Tosi, lei non poteva più ricandidarsi con il Movimento Cinquestelle per la regola del doppio mandato. Alla fine si ricandiderà comunque?
«Sì, mi candido, ho accettato la proposta di Andrea Orlando. Mi candido in una lista civica, Liguri a testa alta, dedicata agli amministratori. Lo faccio per portare avanti quello che si è interrotto in anticipo rispetto alla scadenza naturale della consiliatura».
È una scelta personale?
«Il contrario, con questa candidatura metto davanti a tutto l’obiettivo comune di un fronte progressista e non interessi personali».
Perché è complicato essere eletti in quella civica?
«Non credo sia difficile, ma penso sia più importante per la Liguria avere di nuovo un governo serio dopo quanto abbiamo visto in questi anni e soprattutto dove quello che è accaduto il 7 maggio scorso. E poi la questione ligure è una partita non solo locale ma con risvolti nazionali”
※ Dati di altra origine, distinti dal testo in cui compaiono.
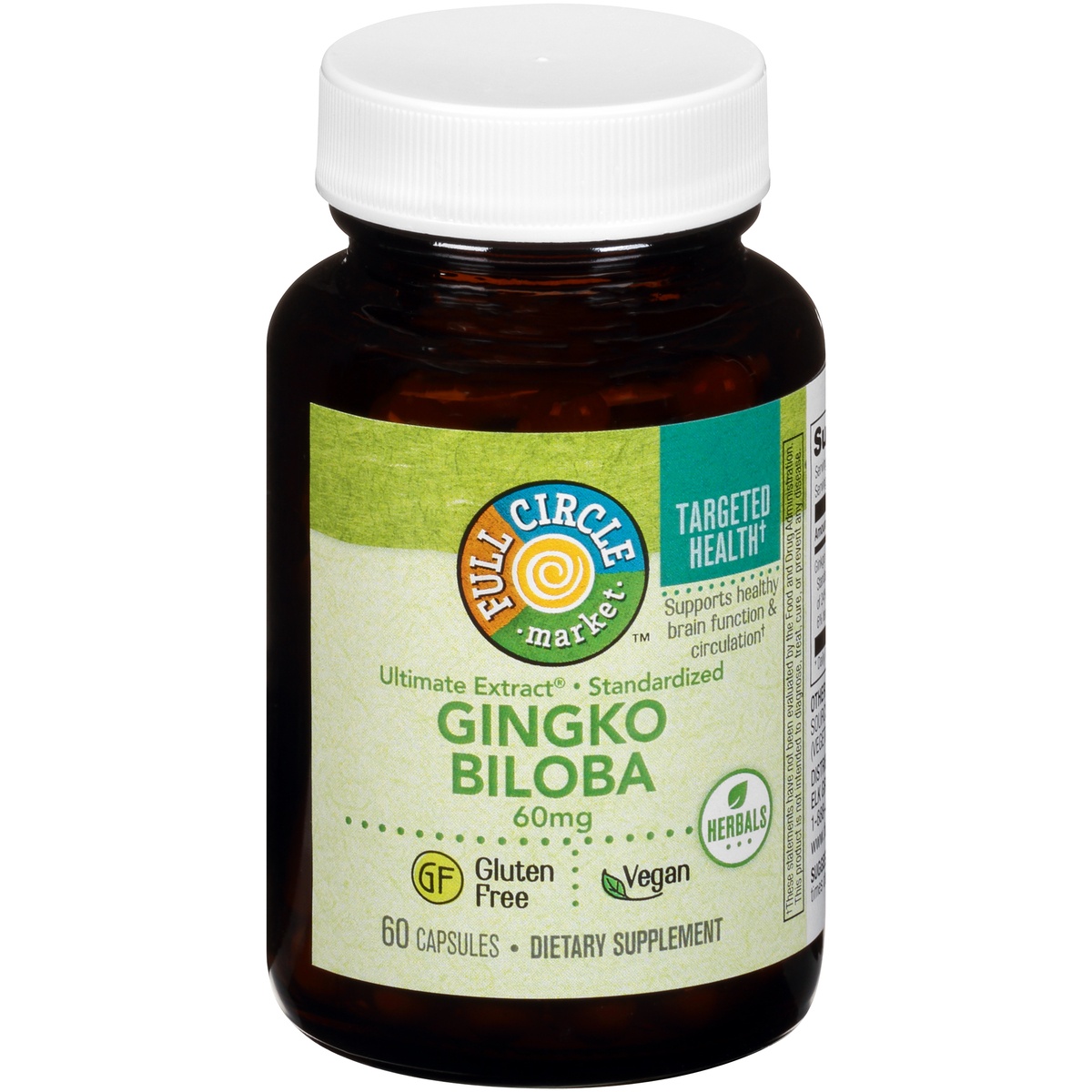 slide 1 of 1, Full Circle Market Ultimate Extract, Standardized Ginkgo Biloba 60 Mg Supports Healthy Brain Function & Circulation Herbals Dietary Supplement Vegan Capsules, 60 cartons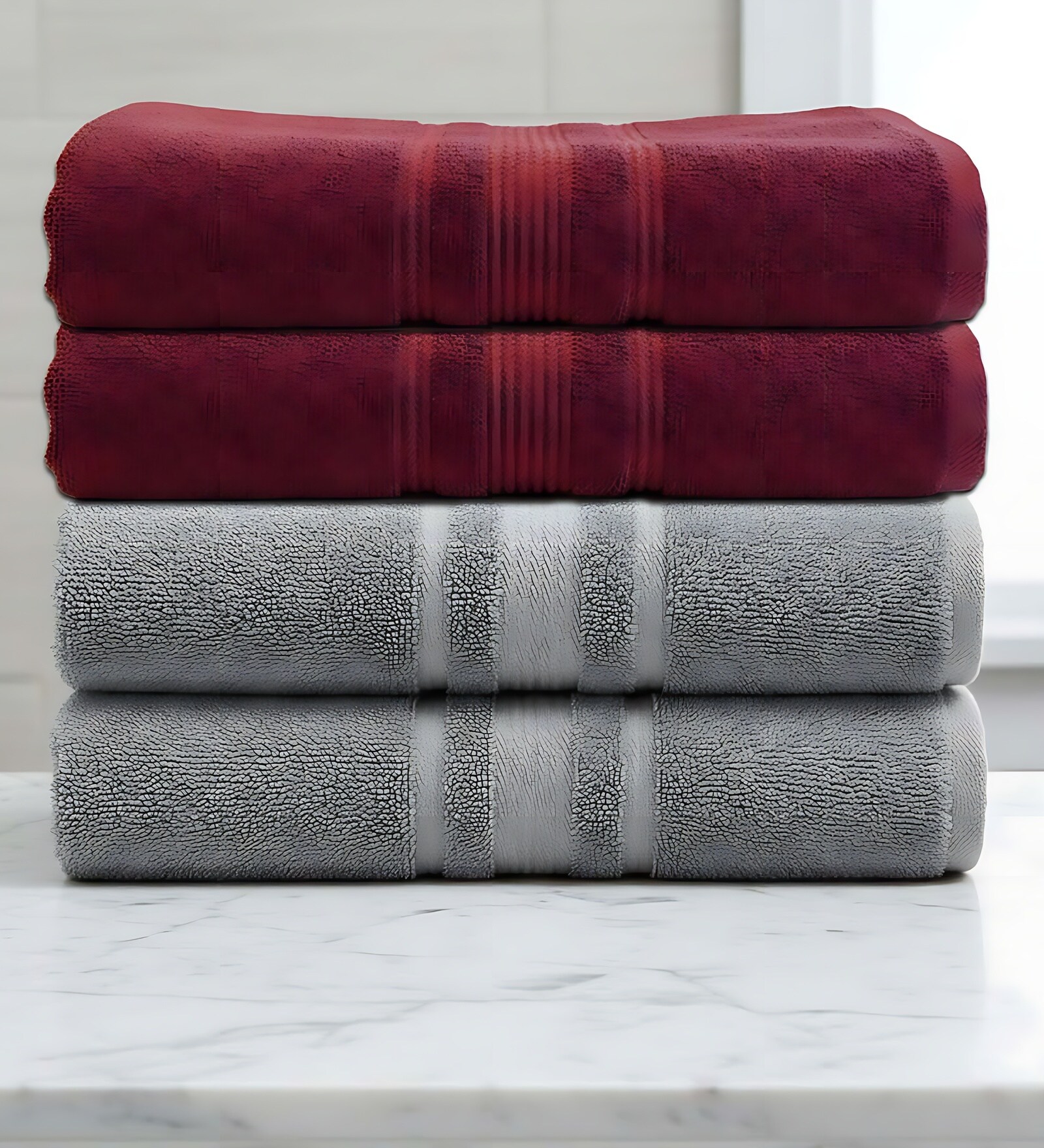 Grey & Maroon Soft Cotton 500 GSM Solid Bath Towel Pack Of 4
Però lei è il capogruppo uscente del M5S, e nel Movimento c’è la regola del doppio mandato per le ricandidature
“È una regola che molto probabilmente verrà superata tra poco tempo, credo entro due mesi. Non penso che sia un motivo di critica nei miei confronti»
Quindi resterà nel Movimento Cinquestelle?
«Certo, resto nel Movimento Cinquestelle. Mi candido con una lista civica, non mi pare di andare contro le regole. È chiaro che se avessi deciso di correre con la lista di un altro partito non farei proprio questo discorso».
È una scelta condivisa con i vertici locali del M5S?
«Non ho preso nessuna scelta con loro, è una mia decisione. Tante persone davano per scontata una mia ricandidatura perché la consiliatura in Regione non si era conclusa. Mi hanno chiamato, fermato per strada a Rapallo, tanti mi dicevano che senza di me non sarebbero andati neanche a votare».
Ma non teme di essere espulso?
«Non saprei, potrei anche essere espulso. Ma non credo di essere andato contro le regole, e in ogni caso non sarò certo io a uscire».
Come sono i rapporti con i vertici locali pentastellati, in particolare con il coordinatore regionale Roberto Traversi e con il senatore Luca Pirondini?
«Con Luca c’è molto rispetto, ha sempre capito i ragionamenti che ci facevamo e ha anche provato a ricucire. Invece da parte di Traversi ho trovato un muro. Ma non ho voglia di fare polemica con il Movimento, perché grazie ai Cinquestelle ho fatto questa esperienza eccezionale».
Cosa pensa dello scontro tra Grillo e Conte?
«Non mi schiero con nessuno dei due. Ma mi ha dato fastidio che non si sia trovata una soluzione in camera caritatis, senza uscite pubbliche. Sono combattuto, ma mi sento di dire che una comunità di iscritti ha il diritto di decidere sul futuro del Movimento e nessuno glielo può impedire».
Un motivo di tensioni nel campo largo è la presenza di Italia Viva nella coalizione che sostiene Andrea Orlando. Cosa ne pensa?
«Non entro nel merito, sono stato fuori dalle trattative negli ultimi periodi. Credo che non avere Italia Viva schierata ufficialmente fosse una condizione fondamentale, l’ho detto anche io in passato e non me lo rimangio. Però mi pare che in Emilia Romagna e Umbria Italia Viva ci sia nel campo largo, quindi non capisco quale sia il problema in Liguria».